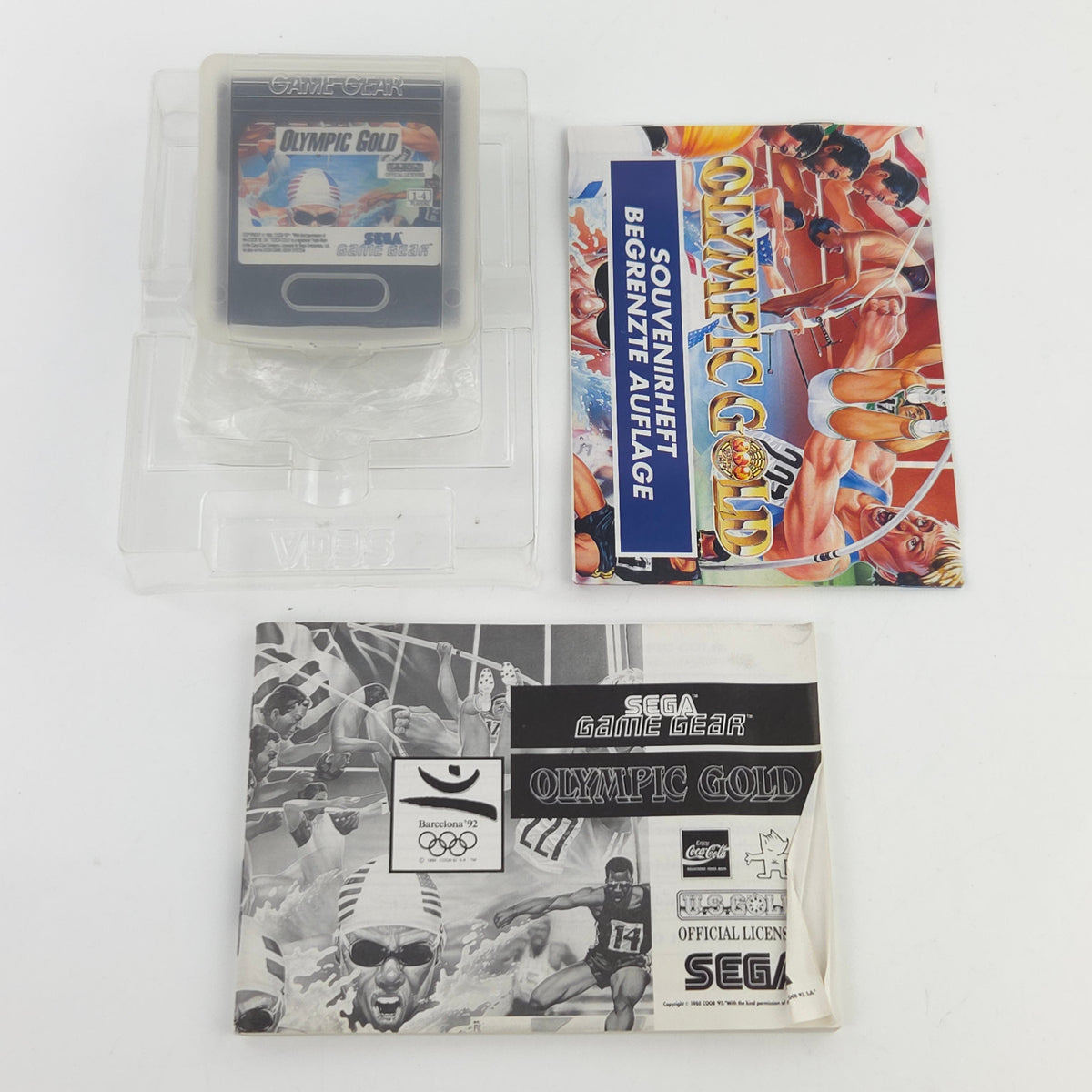 Sega Game Gear Spiel Olympic Gold Barcelona 92 OVP PAL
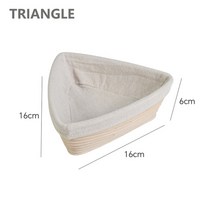도우컨디셔너 Walfos 빵 교정 바게트 반죽 발효 천연 등나무 위커 통기성 천 커버, 13.Triangle S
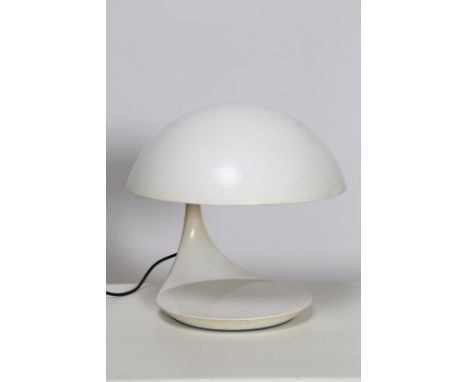 Table lamp. Lacquered metal. Cm 42,00 x 42,00 x 42,00. Cobra model table lamp (no. 629) for Martinelli Luce, present brand, 6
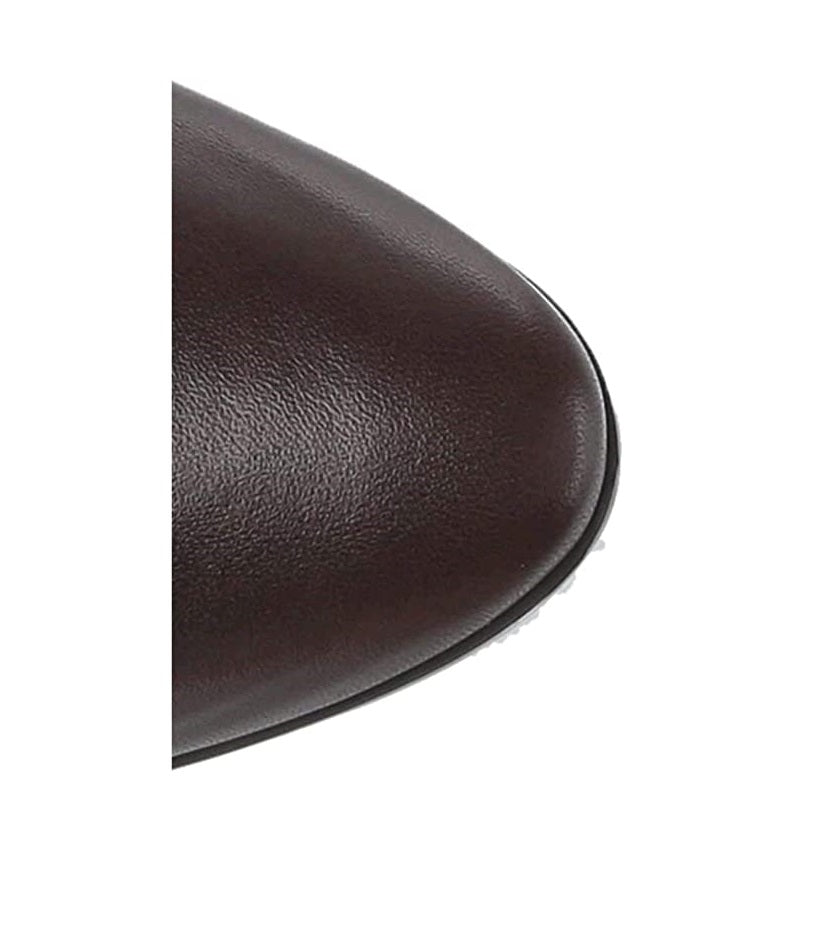 Calvin Klein Womens Freeda Knee High Boots  Color Coffee Bean Size 6M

» **Activity**: The copy should hold exactly the lines from the line containing "도우컨디셔너 Walfos 빵" through the end of the data, both ends included, and no pictures.

» **Written response**:
도우컨디셔너 Walfos 빵 교정 바게트 반죽 발효 천연 등나무 위커 통기성 천 커버, 13.Triangle S
 Table lamp. Lacquered metal. Cm 42,00 x 42,00 x 42,00. Cobra model table lamp (no. 629) for Martinelli Luce, present brand, 6
 Calvin Klein Womens Freeda Knee High Boots  Color Coffee Bean Size 6M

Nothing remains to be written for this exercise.